Consum-mate

The Meaning of "Taking a Break"

Dear Dating Coach,

I met my girlfriend six months ago, when she was engaged to someone else. One evening last month, we went out with a group of friends, except for her fiance, who did not come along. She and I ended up dancing, talking for hours, and then spending the night together--after which she decided she was not ready for marriage and broke off her engagement. A week later, we decided to be an exclusive couple. Now after only one month together, she has decided that we rushed things and need to step back. She would like to "start over" and date me and other people too. My first thought was that she was reconsidering her breakup with her fiance, however, that does not seem to be the case and we are presently in an "open" dating arrangement.

I want to let this girl know how much I like her, but fear I will come across as jealous and possessive. I do ask her about her dates, because I can't seem to help myself. I feel like I must be doing something wrong if she wants/needs to see other guys. I also had this same thing happen in a past relationship, and it is bringing up a lot of feelings for me.

Should I take a step back, stop dating her, and then let things run their course? Should I continue seeing her but play it cool and not mention other guys/dates? Should I just walk away? What do you think she wants from dating other people? I just would like to know what happened to change her mind.
--Wants to be Only Suitor


Dear Wants to be Only Suitor--

Why do I get the sense you already know the answers to your questions but hope I will offer a more optimistic view? Your girlfriend was engaged to someone else the night she danced, talked for hours and spent the night with you. Then she broke off that relationship, asked you to be her next exclusive guy, and after only one month decided you two had rushed things and should step back and date other people. There are more red flags showing up in this relationship then during 4th quarter at the Super Bowl, when the teams are tied and there are two minutes left on the clock.

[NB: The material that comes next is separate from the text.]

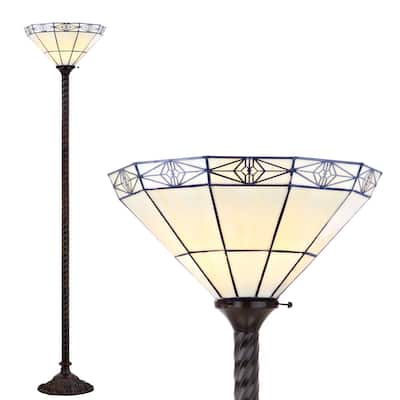 Peacock Tiffany-Style 68.57" Torchiere LED Floor Lamp, Bronze by JONATHAN Y - 68.57" H x 15" W x 15" D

This is a young lady who is clearly not ready for commitment and a long-term relationship. In fact, she appears to be trying to get to know and understand herself better, which is a very positive thing. Unfortunately, her lack of readiness and maturity are showing in the way she is going about renegotiating her relationship with you. She wants to be free, have fun, date other people, explore her relationship needs, and wants, and taste what is out there before she makes the most important decision of her life. Yes, she likes you, but can live without you and this relationship, at least for now. She just doesn't know how to tell you this, or is trying not to hurt your feelings-- especially since she was the one who broke off her engagement, pursued you and asked for an exclusive arrangement.

A great way to test this probable truth is to have a sit down with her and tell her you understand she rushed things with you, doesn't know what she wants from a relationship right now, does know she wants her freedom to explore what is out there and figure some things out, etc. Then pause and listen for/watch her response. If I'm right, you will see relief in her eyes, hear renewed energy and a lightness in her voice, and may even get a big thank you for understanding and helping her put it into words. Then you must decide what the next step for you will be. If you are looking to be more than one of the guys, you may want to tell her you need to move on and look for a woman who wants what you want--or you may decide you are OK with the arrangement as it stands now and take a wait and see stance that will allow you to explore other relationships in the meantime as well. Perhaps you will decide you need to walk away from this girl altogether, bringing your well-earned experience with you.

Whatever you decide, make sure your choice is made with eyes wide open to the truth, because anything else will only prolong your emotional hurt and leave you with yet another ex who needed to "take a break" from your relationship.



(from December 2006)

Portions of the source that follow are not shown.